Publié le 07 mai 2010 par Cassandre

couvyi6.jpgJe ne parlerais presque pas ici de Suicide Club car cet opus qui se situe à la fois avant et après ce film ont finalement très peu de points communs. Le site Internet qui représente la "connexion" et les points rouges et blancs qui représentent les suicidés ainsi que l'histoire du suicide collectif de 54 jeunes filles à la gare de Shinjuku de Tokyo sont bien les seuls liens. Sorti de ça, rien à voir.
J'ai vu les deux films réalisés par Sono Sion avec plusieurs mois d'écart et je pense qu'on peut très bien voir l'un sans avoir vu l'autre. Pour revenir un instant sur les suicides de groupes et avoir peut être un poil plus d'information sur le sujet, j'avais écrit cet article, il y a quelques temps.

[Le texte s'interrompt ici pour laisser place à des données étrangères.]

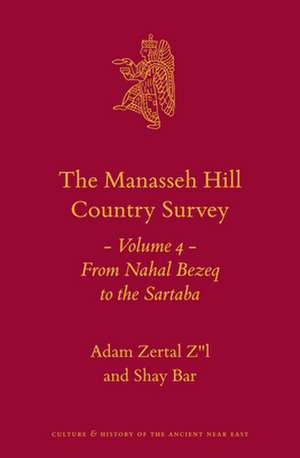 The Manasseh Hill Country Survey Volume 4: From Nahal Bezeq to the Sartaba de Adam Zertal Z"l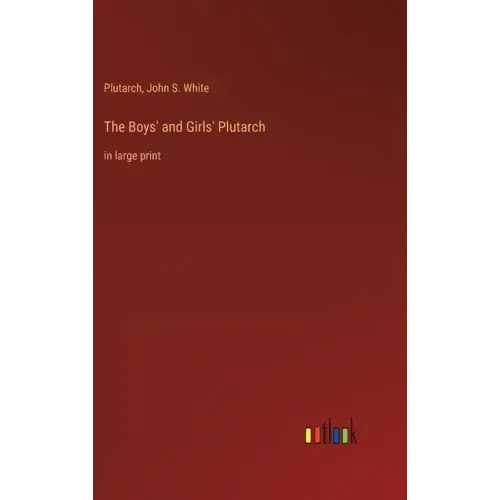 The Boys' and Girls' Plutarch: in large print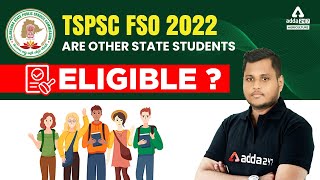 TSPSC Food Safety Officer Eligibility | Are other State Students Eligible???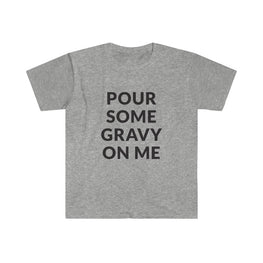 Pour Some Gravy T-Shirt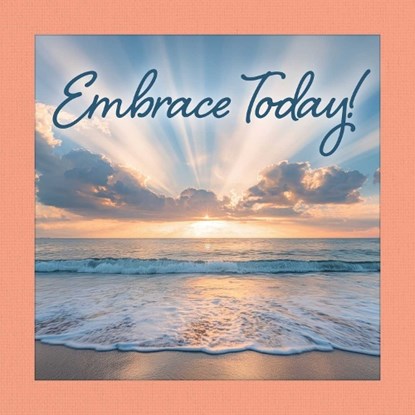 Embrace Today !, Grace Peterson - Gebonden - 9781497105607
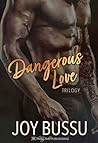 Dangerous Love Tr...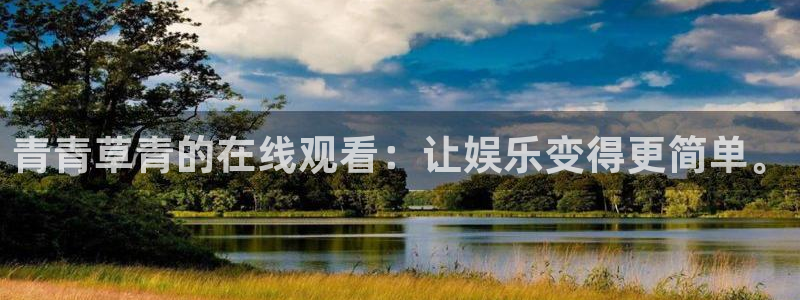 壹号大舞台娱乐传媒：青青草青的在线观看：让娱乐变得更简单。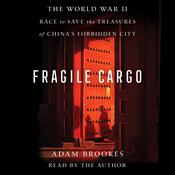 Fragile Cargo by  Adam Brookes audiobook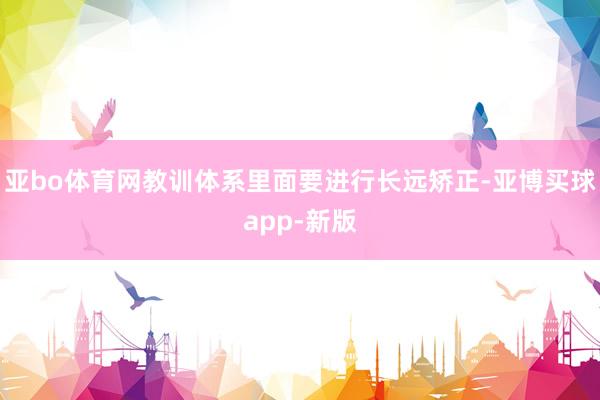 亚bo体育网教训体系里面要进行长远矫正-亚博买球app-新版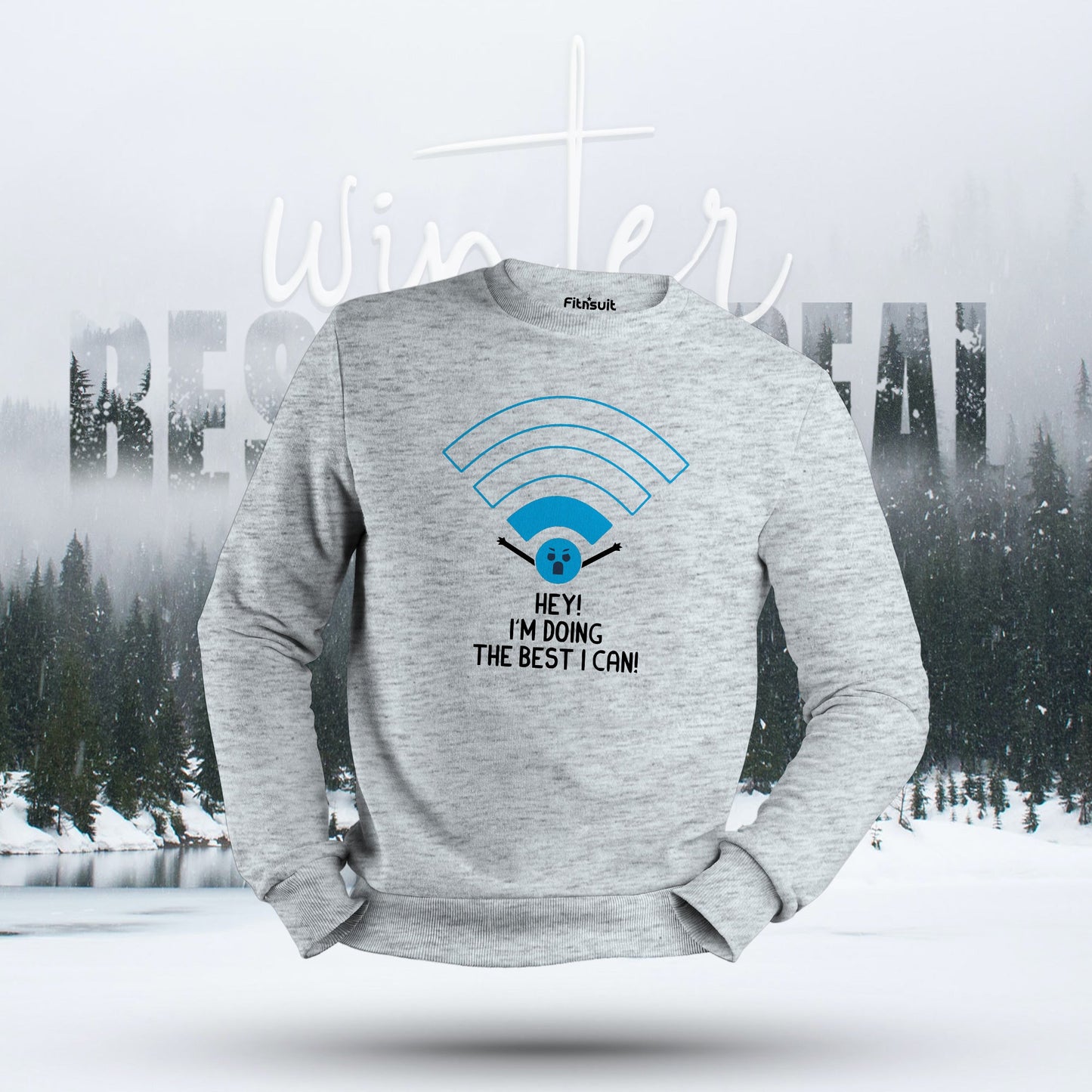 Hey I’m Doing the Best I Can WiFi Humor Hoodie & Sweatshirt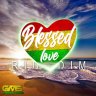 Blessed Love Riddim (2021)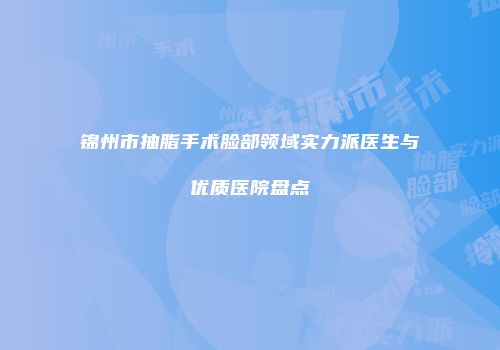 锦州市抽脂手术脸部领域实力派医生与优质医院盘点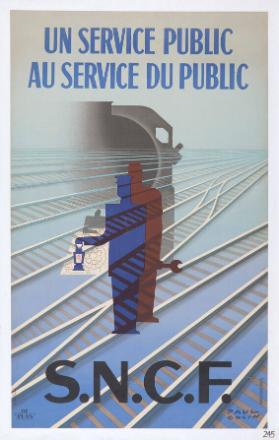 Un service public au service du public - S.N.C.F.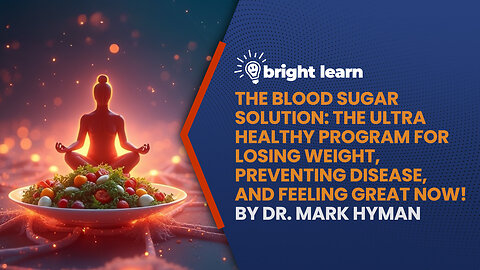 BrightLearn - The Blood Sugar Solution: The UltraHealthy Program for Losing Weight, Preventing Disease, and Feeling Great Now! by Dr. Mark Hyman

Ici, il s'agit l'histoire d'une famille, les Shimabara. Noriko, 17 ans est l'aînée de la famille. Ils vivent dans une petite ville du Japon. Elle s'ennuie ferme, tente par tous les moyens de se rebeller contre son père (à la façon japonaise, bien sûr), elle ne sait pas trop ce qu'elle veut, être adulte, être enfant. Petite fille à son père ? Elle ne trouve pas son "rôle".
Alors elle se réfugie sur un forum "haikyo.com" pour communiquer avec d'autres filles. Ainsi s'ouvre devant elle un nouveau monde, où elle ne se sent plus seule. Elle y rencontre "Ueno Station 54" qui est un peu l'administratrice du site, mais aussi d'autres "Barrage brisé", "long cou"... ces amitiés virtuelles la pousseront le 10 décembre 2001 à fuguer de chez elle pour rejoindre ses "amies" à Tokyo.
Point de rencontre avec le film Suicide Club, la narration du suicide de 54 jeunes filles que rien ne semblait rapprocher, le 26 mai 2002.
Seule sa soeur Yuka, fini par comprendre pourquoi sa soeur est partie alors qu'elle se moquait d'elle quand celle-ci lui disait avoir envie "d'ailleurs". Et c'est suite à cet évènement tragique que la petite soeur de Noriko, suit le même chemin que celle-ci en se connectant à son tour le site Internet et en fuguant pour la retrouver.
Sans tout révéler du film, et pour faire court, le père va "finalement" partir à la recherche de ses deux filles, et ce faisant, découvrir une terrible vérité qui dépasse l'entendement.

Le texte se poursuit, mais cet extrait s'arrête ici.